Hubbard, quant à lui, se présente comme l’unique détenteur d’une science spirituelle, et sa biographie est soigneusement réécrite dans l’institution pour en faire un être à part, sans faille.

L’un comme l’autre deviennent des icônes de culte, des entités transhistoriques dont les écrits, les portraits et les aphorismes sont omniprésents, justifiant chaque procédure, chaque punition, chaque rituel. Au-delà de la satire, tous deux incarnent le fantasme d’un fondateur absolu, père tyrannique et rédempteur à la fois, dont l’héritage structure des mondes où l’individu se perd pour mieux appartenir.
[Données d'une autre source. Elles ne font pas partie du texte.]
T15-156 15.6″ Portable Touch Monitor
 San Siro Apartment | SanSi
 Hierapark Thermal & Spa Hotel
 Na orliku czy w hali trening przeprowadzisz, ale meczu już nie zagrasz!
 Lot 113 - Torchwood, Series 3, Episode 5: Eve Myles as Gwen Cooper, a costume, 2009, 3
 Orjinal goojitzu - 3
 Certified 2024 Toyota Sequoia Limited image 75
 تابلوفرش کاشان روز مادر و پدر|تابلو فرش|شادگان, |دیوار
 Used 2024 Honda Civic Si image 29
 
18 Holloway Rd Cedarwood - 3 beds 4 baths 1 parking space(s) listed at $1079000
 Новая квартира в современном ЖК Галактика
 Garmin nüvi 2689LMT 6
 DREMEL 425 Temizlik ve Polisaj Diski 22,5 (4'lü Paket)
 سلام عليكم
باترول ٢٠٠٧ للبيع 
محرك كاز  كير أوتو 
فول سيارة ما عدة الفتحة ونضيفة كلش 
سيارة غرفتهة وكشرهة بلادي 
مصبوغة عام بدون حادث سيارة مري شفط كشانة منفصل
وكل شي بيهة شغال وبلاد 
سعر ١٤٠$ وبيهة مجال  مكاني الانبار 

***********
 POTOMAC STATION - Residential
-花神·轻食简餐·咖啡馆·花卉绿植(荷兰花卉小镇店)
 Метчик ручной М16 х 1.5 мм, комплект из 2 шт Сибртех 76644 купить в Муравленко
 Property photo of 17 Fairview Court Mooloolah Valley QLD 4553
Fragmenter le moi : le mythe contemporain de la réinitialisation

Dans Severance, les employés de Lumon Industries acceptent, par un acte chirurgical volontaire, une césure radicale de leur conscience : une entité mentale « innie » travaille, une autre « outie » vit à l’extérieur, sans que chaque versant de la personne clivée ne partage de souvenir commun avec l’autre. Ce principe, présenté comme une solution éthique au problème du work-life balance, s’avère rapidement une dystopie aliénante.

L’Église de Scientologie, quant à elle, propose une autre forme de scission intérieure. A travers son système de purification de l’« être thétan » (esprit immortel), elle invite l’adepte à se désidentifier de son passé traumatique (ou « engrammes »), voire de sa personnalité présente, conçue comme falsifiée par les implants sociaux ou extraterrestres. Ici aussi, le sujet est invité à couper, à désactiver certaines couches de lui-même afin de renaître.

Dans les deux cas, la fragmentation de la personnalité est ritualisée comme purification. Elle devient un moyen d’accès à un état supérieur : la paix intérieure pour l’outie, l’efficacité sans affect pour l’innie ; la Clear attitude pour le scientologue, libre des influences parasitaires.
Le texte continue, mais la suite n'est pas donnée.